"Forgotten Time," the company premiere by artistic director/choreographer Judith Jamison at the Mechanic Theatre last night, was Alvin Ailey American Dance Theater's triumph in a program of dances weighed down by history.
All three dances choreographed by Mr. Ailey -- "Cry," "Revelations" and especially the opening work, "Night Creatures," felt well-worn and dated, although each had its moments. But, seen next to these popular and accessible dances, Ms. Jamison's full-company, abstract work is full of mystery and anticipation.
"Forgotten Time," has an internal logic of space-time and momentum with the bodies that constantly shift like desert sands, revealing pieces of lost civilization.
Bodies are often still.
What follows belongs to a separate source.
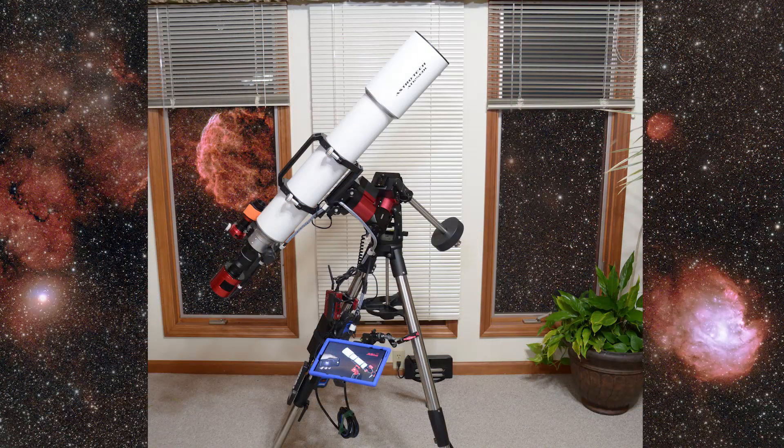Just this past week I caved in and bought my first larger OTA, or telescope. This is the Astrotech AT125 EDL — a 975mm focal length, f/7.8 aperture telescope that with a 0.8x flattener gives me 780mm at around f/6.5 or so.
Like pillars, the dancers support one another's weight; then suddenly in the midst of a slow wave of unison, a dancer will splash across the stage. Time and space contract and expand to give a sensation of time travel and sights foreign and familiar.
Particularly notable is the way Ms. Jamison uses music -- succinctly and evenly. She allows the haunting score by the Bulgarian Women's Choir to point the dance's direction but doesn't mind when the dance needs to detour.
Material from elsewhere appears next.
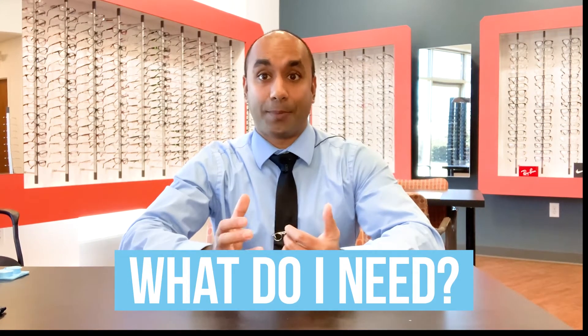Hi everyone, Dr. Lilly here. Today we're going to be talking about scleral lenses. If you've just been fit with your scleral lenses, or you're interested in getting scleral lenses, you may want to know what's the bare minimum that you're going to need to wear these successfully. So let me go over that.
More than any other work on the program, "Forgotten Time" showed the steely stuff her dancers are made of. The free-flowing force propelled the company as men flipped the women, sat them on their shoulders or caught them in midair.
Two more company premieres are scheduled during the company's engagement at the Mechanic. A new work by Chris World and Donald McKayle's work "Games" are scheduled for Saturday, Feb. 23.